Don’t boil the ocean — try a pot of water first.
5 min read
Opinions expressed by Entrepreneur contributors are their own.
Some entrepreneurs are great at communicating a big vision for their startup, while others are good at finding a place to start. But, the best — and most successful — entrepreneurs are those who are able to strike an exquisite balance between that big vision — Version 5.0, if you will — and a high-traction starting point, or Version 1.0.
After all, while investors, customers and strategic partners want to know they're part of something impressive, big ideas won't get your business airborne. So, it's crucial for visionaries to also be "execution artists" who understand the do it/try it/fix it mentality of getting a minimum viable product out in front of customers, generating revenue traction and plotting a logical growth trajectory from there.
In this 1997 video interview with Jeff Bezos, the Amazon founder discussed how his startup was focusing on selling books on the internet, and how his ecommerce business model was ideal for a product category with millions of titles. A year later, the New York Times declared "Amazon.com Is Expanding Beyond Books." Fast-forward another 20 years, and it's not unusual to see analysts predicting that Bezos's behemoth will grab nearly 10 percent of all retail sales by 2020. It started with a relatively modest and focused plan, became best in the world at doing one thing, and only then expanded off that base.
Netflix took a similar approach: Launched in 1997 with a simple focus of renting VHS tapes and DVDs on the internet via U.S. mail delivery-and-return, it has since expanded its business model to include streaming and production of original content. In the process it has grown its subscriber base by over 40 percent per year, from 700,000 in 2002 to 117 million in 2017.

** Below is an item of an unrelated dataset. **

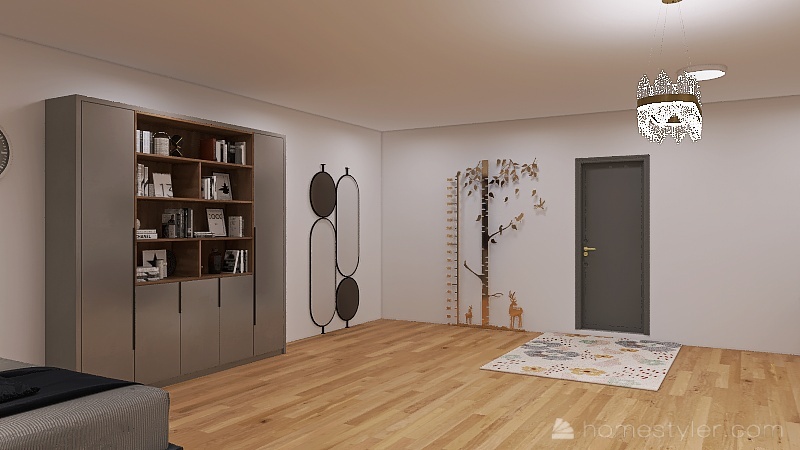 Small Shadow Grey Bedroom 3d design renderings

Alfred Peet launched the eponymous Peet's Coffee within a Berkeley, Calif. storefront in 1966. Initially, the store didn't even sell beverages — just small-batch roasted beans. Only after that store had developed a cult following (they called themselves "Peetniks") did the gourmet coffee company expand, eventually to about 200 stores, many franchises and roasted bean sales through major retailers and online (Peet's was acquired in 2012 by Joh. A. Benckiser for approximately $ 1 billion).
The "Peet's formula" — start small and focused, refine your success formula, then expand — has been repeated by a number of gourmet coffee startups over the years, most famously by Starbucks. A current up-and-comer is Sweetwaters Coffee & Tea. Twenty-five years ago, co-founders Lisa and Wei Bee started out with a single shop in Ann Arbor, Mich. as a newly married couple fresh out of the University of Michigan. They're now in the process of building out a national franchise presence, and along the way, have introduced bottled retail beverages for retail such as Chinese-inspired iced teas.
Related: 10 Ways Leaders Think Differently
How you can apply these lessons
Step back and look at these examples and the same pattern stands out: Start small and focused, be best-in-class at one thing, then expand off that foundation to achieve a broader dream. How can you apply this approach in your own startup? In my new book, The Launch Lens: 20 Questions Every Entrepreneur Should Ask, I delve into this in some detail. Here are some tips to consider:
- Develop a preliminary product roadmap for your startup.
- Start by first describing your "big vision" — your proverbial version 5.0.
- Then back off from your big vision to describe your preliminary launch configuration — your version 1.0, or what I sometimes refer to as your VNS ("version no, seriously"). This represents the bare minimum you'll need for a successful commercial launch.
- Finally, back off yet further to describe the minimum viable product, or MVP — that version of the product that you can cobble together as a prelaunch test case that will enable you to gather the most customer input while expending the least effort and resources.
You can describe your small-to-big product road map using a range of characteristics. For instance, if you're developing a B2B SaaS platform for customer relationship management (CRM), the growth path for the product might be described by features (e.g., starting out with the few most demanded by your customers); language (perhaps starting with just English and expanding to include Spanish, Hindi, Mandarin, etc.); vertical markets (say, focused on manufacturing and eventually expanding to services industries, etc.); platform (e.g., starting out with a browser-based platform and eventually expanding to include mobile apps); and even third-party integration (for instance, systematically adding integration with key enterprise resource planning systems).
To look at a B2C example, let's say you're launching a new line of all-natural canned vegetables. Your small-to-big road map might include both product and other business factors, such as: products (say we start with pickled carrots, and eventually expand to include a family of different vegetables and various flavors/spices); packaging (e.g., start with one jar size and add others over time); distribution channels (for instance, starting with farmers markets, adding online sales and expanding to regional and eventually national store chains); and perhaps distribution and sales partnerships.
So, as you can see, it's great — indeed, advisable — to have a big, long-term vision as you're getting started, but don't try to boil the ocean. Start by boiling a pot of water better than anyone else.